Thursday, August 16, 2012
And, since lists of books seems to be the only content I can consistently post here, I'll present those books, starting with the cheapies I get to keep:
The Leftovers, the 2011 novel by Tom Perrotta, in a fancy bound-galley form. I've read all of Perrotta's previous books -- and reviewed The Abstinence Teacher, in a style that seems overly laudatory to me now -- and enjoyed them, partially because he's a good writer and partially because he's of an age and geographic persuasion to push an awful lot of my buttons.
Paris to the Moon, his bestselling and hugely popular memoir of moving to France to write about it for an American audience. I avoid bestselling books somewhat reflexively, from working in the business so long, and I am hugely jealous of people who get to do things like this.
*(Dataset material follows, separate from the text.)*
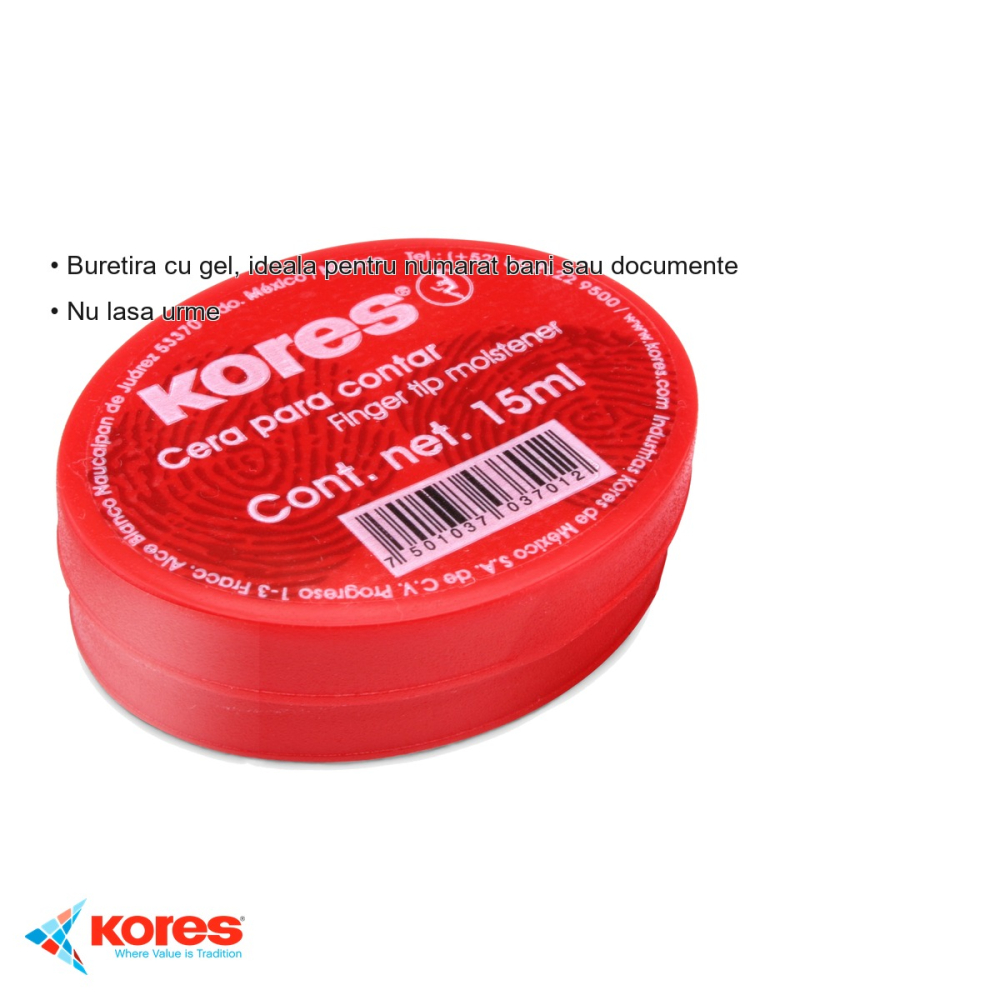 Buretiera cu gel Kores 15ml, fara miros, pentru numarat bani si documente [3]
Buy, hey, it was a quarter, and it's supposed to be really good.
Fodor's Disneyland & Southern California with Kids, 10th Edition is by Michael and Trisa Knight, and there are no points awarded for guessing why I'm reading it. (Though my guys -- who will be 14-and-a-half and just shy of 12 during that trip -- are probably not well described as "kids" these days.)
My Friend Dahmer by Derf Backderf. Derf has been an alt-weekly cartoonist for some time -- from back when that was a reasonable career for an adult, since there were plenty of alt-weeklies and they all carried a bunch of cartoonists -- and this is an expansion/reworking of autobiographical material that he originally published more than a decade ago. And, yes, Derf did go to high school with, and was in the same circles with, Jeffrey Dahmer. (I reviewed Derf's last book, Punk Rock and Trailer Parks, in a round-up during my Eisner deathmarch a few years back.)
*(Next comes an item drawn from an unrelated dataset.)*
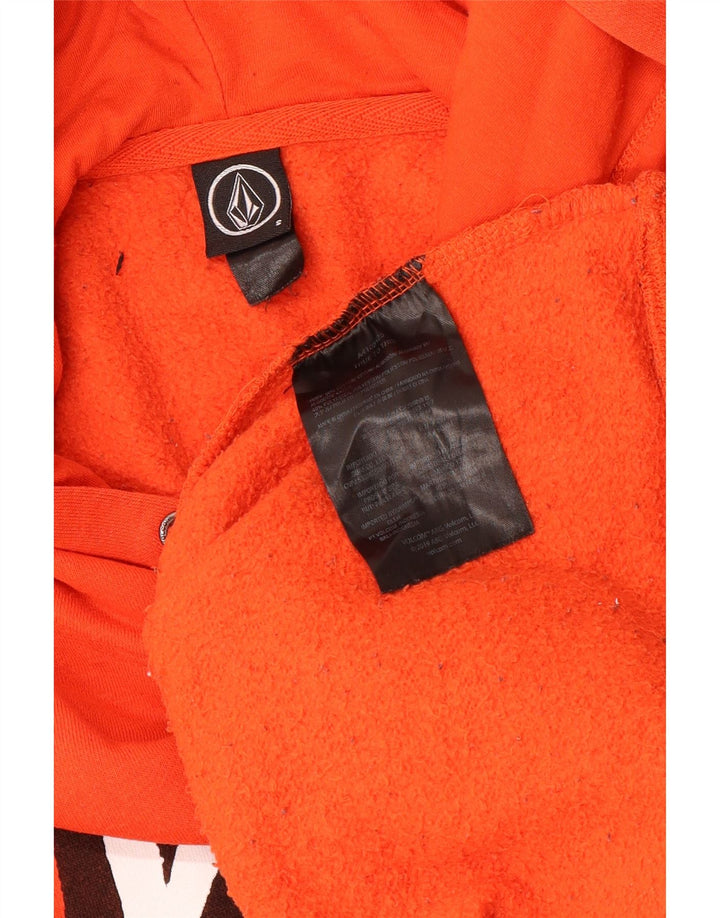 VOLCOM Pull à capuche graphique pour hommes, petit coton orange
Freeway is a big fat graphic novel by Mark Kalesniko, whom I don't know. But it's semi-autobiographical, was published by Fantagraphics (who ain't no dummies), and looks interesting.
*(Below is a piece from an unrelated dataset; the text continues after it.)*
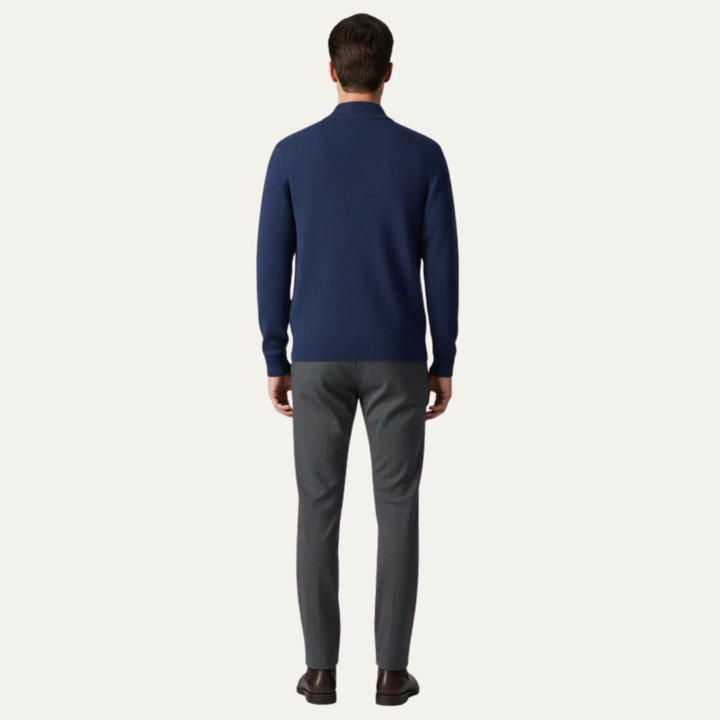 Mens Knit Bomber Cardigan Full Zip High Neck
David Malki!'s Dapper Caps & Pedal-Copters is the third collection of his Victorian clip-art webcomic Wondermark, which I've been reading and enjoying since I discovered the first collection during that same Eisner push I mentioned a couple of paragraphs back.
And last is Dante's Divine Comedy, as adapted into comics by Seymour Chwast. I reviewed Chwast's second classic-work-into-comics item, The Canterbury Tales, a couple of months ago, and I clearly liked it well enough to go back for another dose.